About 11 percent of the US population has diabetes; 20 percent have acid reflux. And, lots of people with diabetes have acid reflux.

Because so many people have these conditions, we offer this head's up about medicines you might be taking, and the problems linked to them. The US Food and Drug Administration is investigating to determine if they pose a danger to consumers.

The FDA publishes a quarterly list of “potential safety concerns based on reports submitted by consumers and healthcare professionals through the FDA Adverse Event Reporting System (FAERS),” Rosanna Sutherby, PharmD, a community pharmacist in North Carolina told Medical Daily in an email. But making the list doesn't mean anyone taking these drugs should toss them out. “The FDA uses this information, reports from other databases, and published research to determine if further action is needed,” Dr. Sutherby said.

Under investigation

A group of drugs called proton pump inhibitors, which include Dexilant, Nexium, Prevacid, Prilosec, Protonix, and Zegerid and are commonly prescribed for reflux, appeared on the first two quarterly lists of 2020. “PPIs have been reported to cause hormone disorders that may lead to low calcium levels or cause your body to retain too much water. Abnormal calcium levels can affect everything from bone health, muscle contractions, to heart function. Retaining too much water…may lead to low blood sodium levels. Symptoms of low blood sodium may range from nausea and vomiting to seizures and coma, in severe cases,” Dr. Sutherby said.

Another drug class on the past three quarterly FDA safety signal lists is glucagon-like peptide 1 (GLP-1) receptor agonists, which are diabetes medicines and include Bydureon, Byetta and Saxenda. “There have been reports of these drugs causing low blood sugar or high ketone levels," said Dr. Sutherby. Decreased platelet levels have been the subject of some reports. "If left untreated, any of these conditions can be potentially life-threatening,” she said.

These medicines can create other issues. These diabetes medicines “may increase the risk of hypoglycemia, especially when used with other [diabetes medicines that lower blood sugar]," Alireza Hayatshahi, PharmD, Associate Professor at Loma Linda University School of Pharmacy told Medical Daily by email. By themselves, Dr. Hayatshahi added, the risk of developing hypoglycemia, very low blood sugar levels, "is less than 5 percent."
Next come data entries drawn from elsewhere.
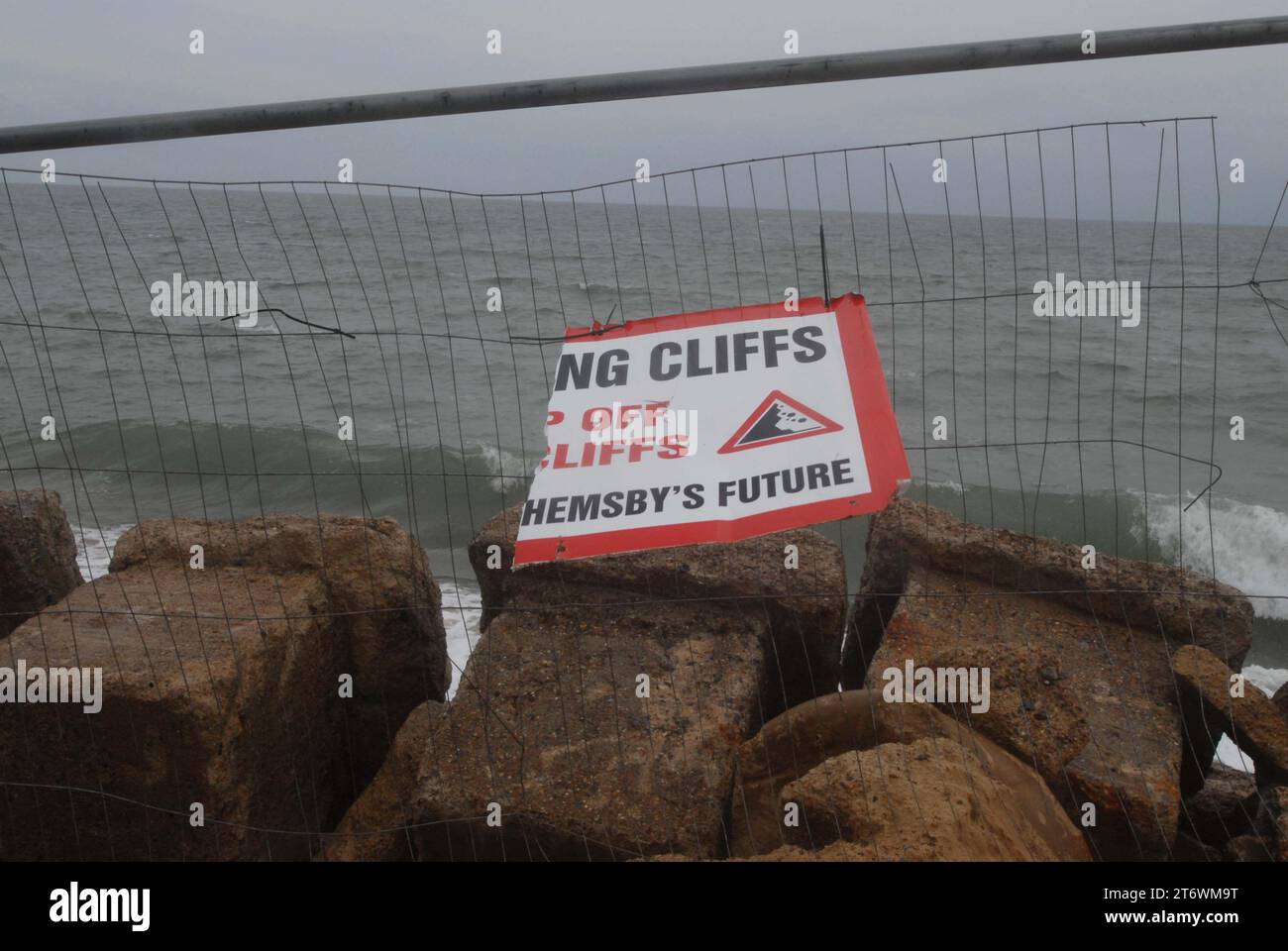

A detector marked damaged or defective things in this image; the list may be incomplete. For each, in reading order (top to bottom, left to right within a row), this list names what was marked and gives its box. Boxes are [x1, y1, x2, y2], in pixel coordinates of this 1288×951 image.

ripped warning sign [507, 293, 904, 563]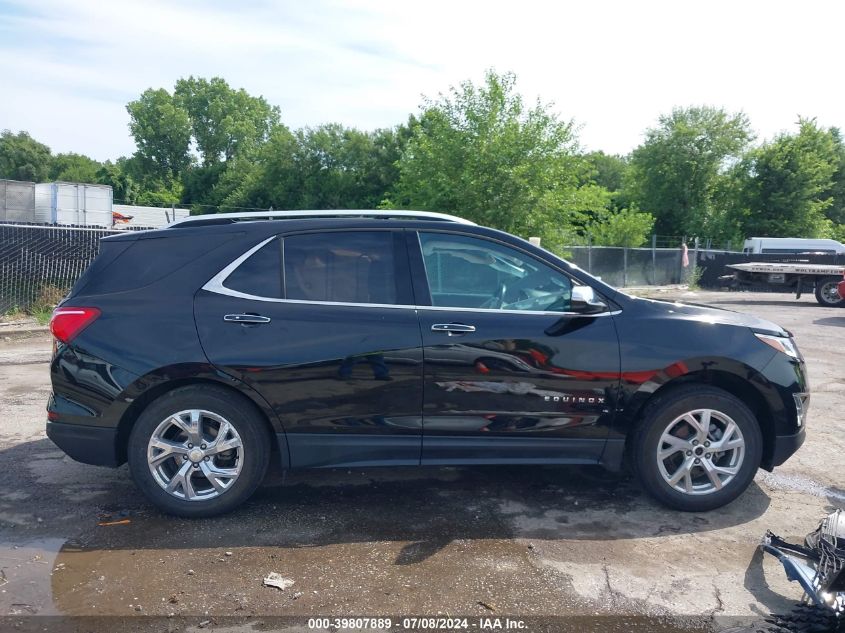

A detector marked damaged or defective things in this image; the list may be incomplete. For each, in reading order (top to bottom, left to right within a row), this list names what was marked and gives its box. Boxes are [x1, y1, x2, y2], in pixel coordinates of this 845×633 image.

cracked asphalt [1, 288, 844, 628]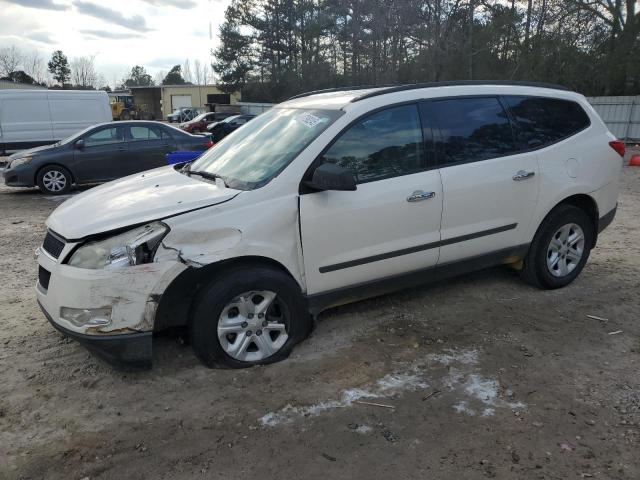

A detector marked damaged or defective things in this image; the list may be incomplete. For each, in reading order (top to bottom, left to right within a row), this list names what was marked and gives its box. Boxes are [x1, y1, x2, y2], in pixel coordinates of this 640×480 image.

damaged hood [45, 167, 240, 240]
broken headlight [68, 222, 169, 270]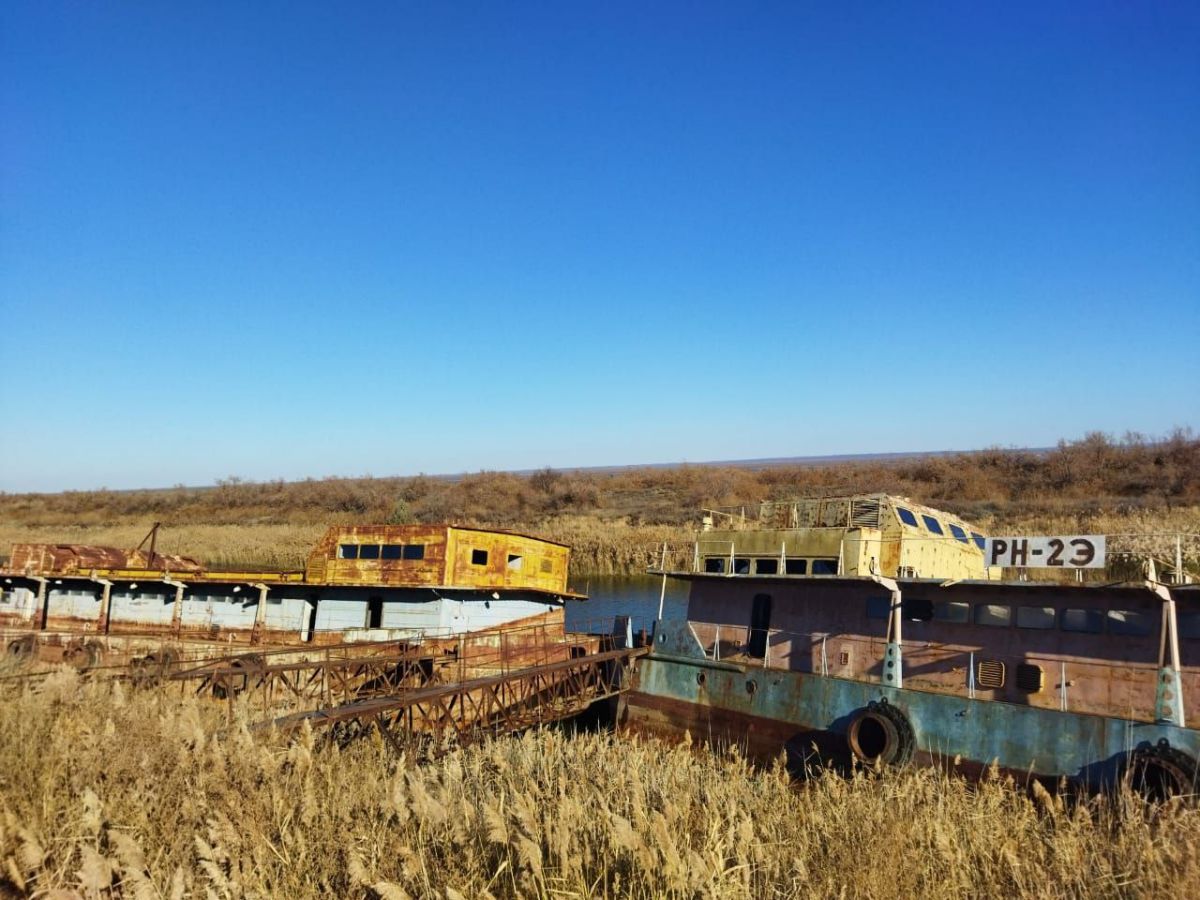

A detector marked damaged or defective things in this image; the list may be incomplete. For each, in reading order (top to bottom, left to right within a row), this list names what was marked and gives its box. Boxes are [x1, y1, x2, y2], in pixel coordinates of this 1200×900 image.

Listed on another quarterly report were medicines called fibrates, which lowere cholesterol. These drugs have the potential to injure the liver. “[Fibrates] may cause liver damage especially when they are used in combination with other drugs that may cause liver damage,” said Dr. Hayatshahi.

People taking fibrates should have regular blood tests to make sure their liver is functioning well, said Dr. Sutherby. “People who already have liver disease should not take fibrates and may want to talk to their healthcare provider about alternative methods for managing their cholesterol."

But the message is out there about fibrates. "I have seen fewer prescriptions for fibrate, in general. Also, I no longer see patients taking fibrates in combination with statins, which would increase their risk for liver toxicity.”

The Take Home

Consumers need to speak with their pharmacist or healthcare provider about any problems with these drugs,” said Dr. Sutherby. However, she said, people should not stop taking any medicines without talking with their doctor first. Sometimes, drugs interact with each other, causing side effects. People need to let their doctors and pharmacists know which medicines they take, said Dr. Sutherby.

Sometimes, said Dr. Hayatshahi, a healthcare provider can change the medicine to something similar medicine that would be tolerated better, or how often the medicine is taken or even the dose.